In recap, a package type default repository location or a repository_url qualifier is useful and desire to locate, but not essential to identify, especially if the identity is "strongly" content-defined like when you use sha256 as version. I have no problem with this. Weird but OK.
Would this be a reasonable set of rules based on OCI's requirements:
repository_url
to override the default location (for ecosystems that require a location) or to provide a hint for where the package could be located (for ecosystems that don't require a location)The intent of these rules is:
Does this resonate with people?
@stevespringett / @coderpatros I'm curious why location matters from a supply chain security perspective if you have a trusted content hash. If you can't trust the content hash, then adding location doesn't make it anymore (or less) trusted. If you trust the content hash, then adding location doesn't make it anymore (or less) trusted. Whatever trust you give to a content hash should be independent of location because it's the same content.
Extending on this, if you have sufficient provenance and pedigree information to say that a given content hash is trusted, from then on the location should be irrelevant. Inversely, if you have information that a content hash can't be trusted (or insufficient information to say you can trust it) then again the location should be irrelevant.
In the SolarWinds example, there was originally belief that a content hash was trusted, and new information came to light that a content hash shouldn't be trusted. Adding location wouldn't have mitigated or changed that outcome because it was the underlying content that became untrusted, not the location it was stored in. In fact, the IoCs provided were content hashes, independent of location.
@iamwillbar at a point in time a component that has been brought into some assembled piece of software, and where it was pulled from, may be "trusted".
But that package repository/mirror/whatever is part of your supply chain. And not everyone in the supply chain validates hashes/signatures along the way. So understanding where something came from can be useful.
Especially as the "same" component can be different, with a different hash, depending on where it was retrieved from. For example, nuget adds a signature to packages when they are uploaded. Some of those packages are also published as github release artifacts, distributed as part of an SDK, etc. Without knowing where it was retrieved from makes this situation very problematic.
Signatures don't solve the problem either.
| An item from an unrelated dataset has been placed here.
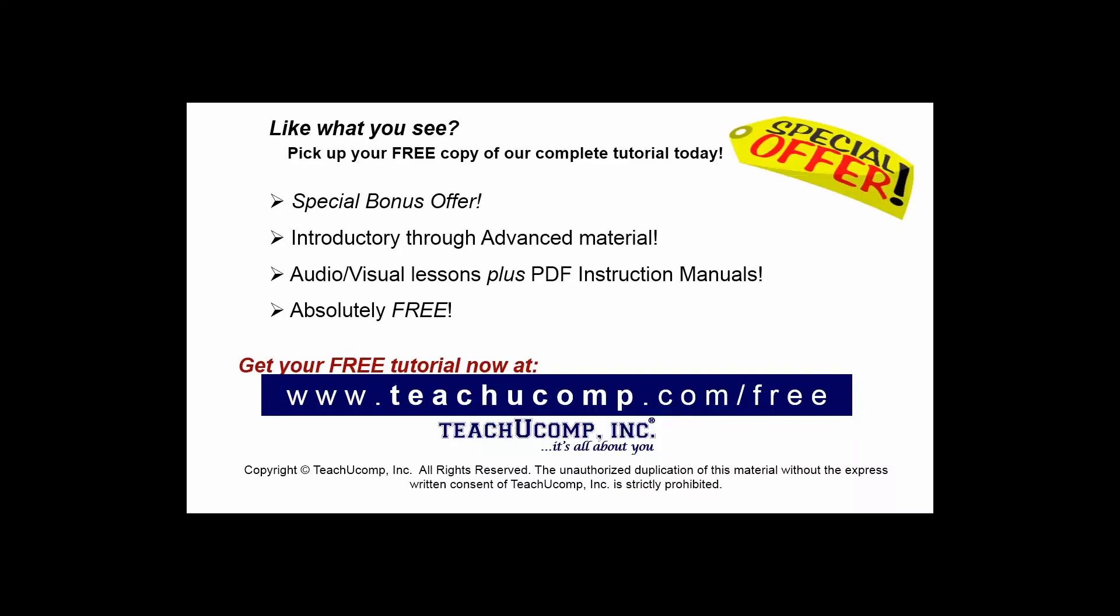Like what you see? Pick up your free copy of the complete tutorial at www.teachucomp.com/free.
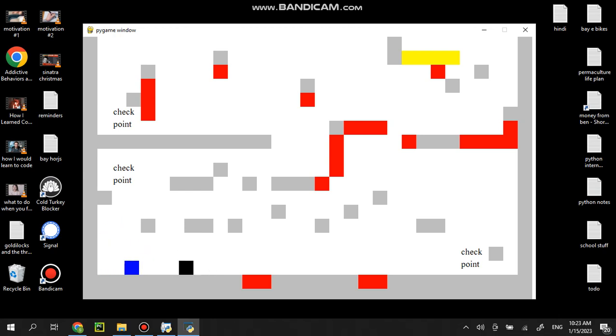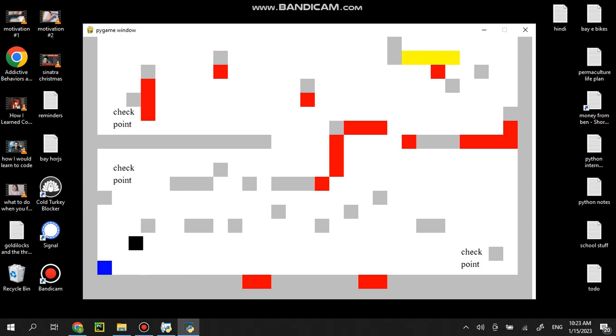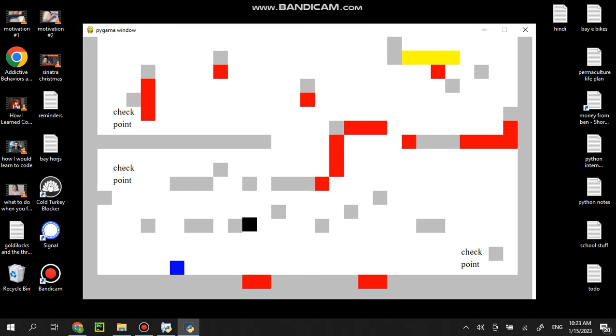The blue square is controlled by WASD and the black is controlled by the arrows. So you could play with a friend if you wanted to at the same time and you could both try to get to the top first.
They are only good assuming the signing keys, or release process, hasn't been compromised.
@coderpatros I completely agree that repositories, mirrors, etc. are part of the supply chain, but that's independent of whether purl must include a location to establish trust. In the specific OCI case that spawned this discussion the version is a sha256 hash of the content and it can be mirrored to any number of locations and that identity doesn't change. If the content is tampered with or changed intentionally that changes the identity of the package and consumers wouldn't inadvertently retrieve the new package. Likewise, information like vulnerabilities, pedigree, etc. can be attached to the content hash and used independent of the location because the identity of the package is intrinsically linked to its contents. Unnecessarily scoping information to the location may result in relevant information being missed because it's deemed not relevant.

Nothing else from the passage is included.